Bhutan has done well in achieving many Millennium Development Goals, but pockets of poverty still remain among its 720,000 people. As a landlocked nation, Bhutan needs to work closely with other countries to ensure it has efficient transport links, notably to seaports in Bangladesh, India, and elsewhere. Such regional cooperation is critical to ensuring the country’s future.
The Bhutanese government aims to achieve an economic growth rate of at least nine per cent each year to become a middle income country by 2020. Earlier this month, ADB estimated a growth rate of 7.9 per cent for the 2011-2012 fiscal year (ended on June 30), and forecast a growth rate of 8.4 per cent for the current fiscal year.
ADB’s future activities in Bhutan will be aligned with the government’s upcoming 11th Five Year Plan for 2013-2018, and will focus on transport, energy, and urban development.
Bhutan joined ADB in 1982. Since 1983, ADB has approved $ 381.37 million in loans and grants, $ 50.5 million in technical assistance, and $ 11.4 million in project grants from the Japan Fund for Poverty Reduction.

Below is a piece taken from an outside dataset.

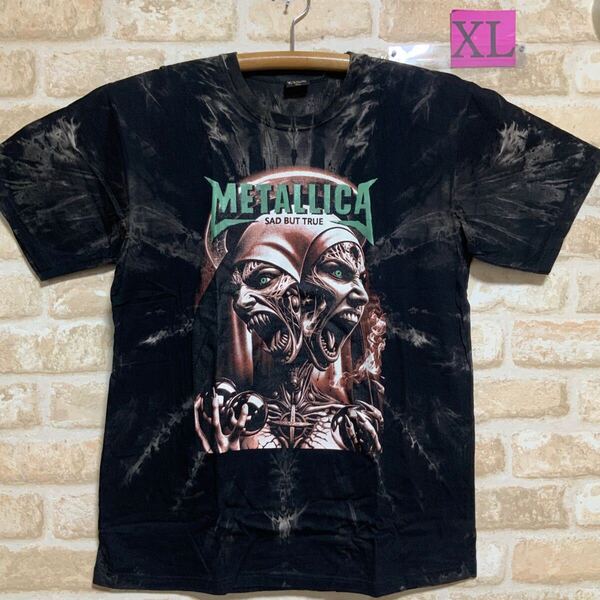 メタリカ Metallica Tシャツ XL サイズ SAD BUT TRUE タイダイ ムラ染 半袖 絞り染め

Some of the major projects Asian Development Bank has supported in recent years include the Green Power Development Project worth more than $ 100 million, to support the Dagachhu hydropower development and enhance renewable energy access for the poor, and the Road Network Projects I and II, totalling more than $ 65 million, to improve the country’s main road network, including the Trongsa-Gelephu Highway and southern East-West Highway.